What's black and white and bleeding red ink all over? Newspapers, of course, which are shriveling both in size and number. There's even a blog called Newspaper Death Watch.

Tumbling on newsprint's heels is Canada's pulp and paper industry, which produces the lion's share of North American newsprint and magazine paper. The fall of this once-mighty industry is easy to observe in British Columbia, where pulp mills have laid off workers and refused to pay their taxes among desperate efforts to survive.

The trees keep growing, however. And towns from Nova Scotia to Vancouver Island are home to woodworkers willing to harvest them, and millworkers trained to convert them into high-quality pulp. All of which leaves a multi-billion dollar question hanging over the great north woods: Is there some other use for Canada's most abundant and renewable resource?

Part of the answer may lie in a fibrous goo called nanocellulose.

Tiny fibers, strong as Kevlar

Cellulose -- the organic compound that forms the cell walls in green plants -- is one of the most common substances on Earth.

Nanocellulose is a compound of sub-microscopic cellulose fibres that resemble strings. These tiny fibers are typically five to 10 nanometres wide, and up to 150 to 200 nanometres long.

The material has intrigued researchers since 1961, when a chemistry professor at Université de Montréal demonstrated its ability to self-assemble in aqueous suspension. In the late 1970s, researchers at the ITT Rayonier labs in New Jersey developed a technique of preparing the gel-like material by pushing wood pulp through a milk homogenizer at high temperatures and pressures.

But it was not until the invention of more powerful imaging tools, such as electron microscopes and atomic force microscopy, that the study of nano-sized materials gained momentum. Researchers found nanocellulose to be as stiff as Kevlar, while also presenting the easy-to-work-with properties of oil-based plastic.

Researchers at McGill University were among the first to apply these tools to the study of wood-based nanocellulose. And in 2006, with the support of a forest industry research institute that is now part of FPInnovations, a research lab in Pointe Claire, Quebec, was first to begin daily production of pilot-scale quantities of nanocellulose.

Wood pulp is abundant and renewable.

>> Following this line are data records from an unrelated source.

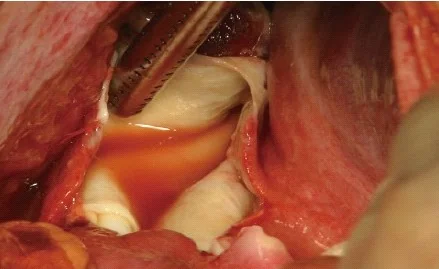 RUPTURED LIVER HYDATID CYST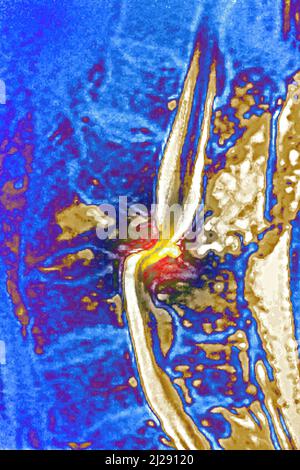 Dislokation Traumatismus Stockfoto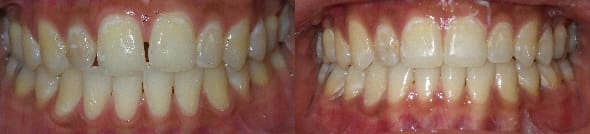 Treatment of spacing with Invisalign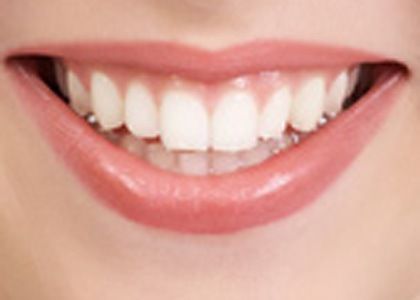 How to Have a Healthy Smile?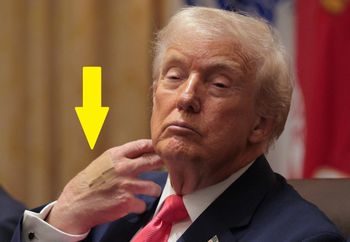 Plaster na dłoni Trumpa. Jego rzeczniczka zabrała głos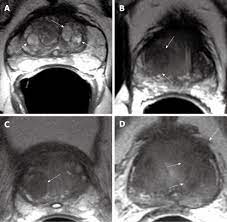 Continue shopping your session is about to timeout due to inactivity. Multi Parametric Mr Imaging Of Transition Zone Prostate Cancer Imaging Features Detection And Staging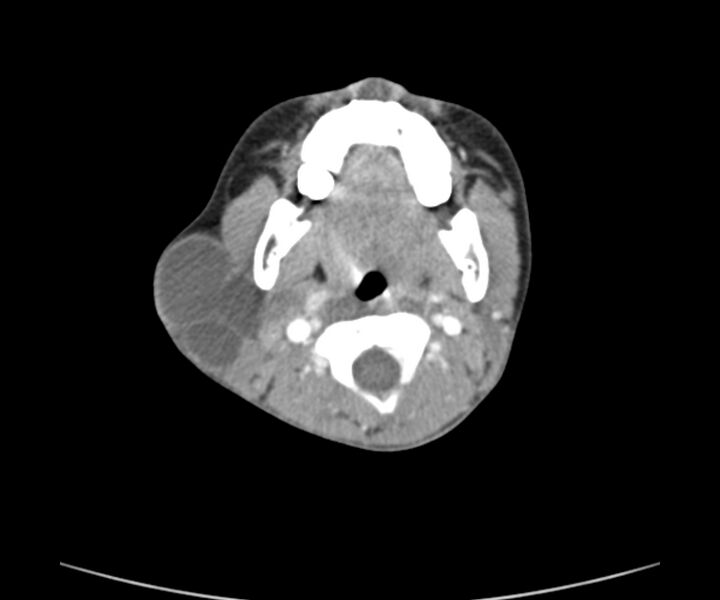 File:Cervical cystic lymphangioma (Radiopaedia 63655-72332 Axial + contrast 9).jpg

FPInnovations claims that the Canadian forumla -- which it calls nanocrystalline cellulose, or NCC -- can be produced for a fraction of the cost of other nanomaterials, such as Carbon NanoTubes (CNTs) -- and at far less cost to the environment.

The hunt for commercial applications

Mixing small batches of nanocellulose may prove to have been the easy part. Persuading manufacturers to develop new products based on the relatively unknown nanofibre could prove more difficult.

Toward that end, FPInnovtions is shipping small quantities of its nanocrystalline cellulose (NCC) to labs across Canada, while the National Sciences and Engineering Research Council of Canada (NSERC) is providing research funds to develop applications.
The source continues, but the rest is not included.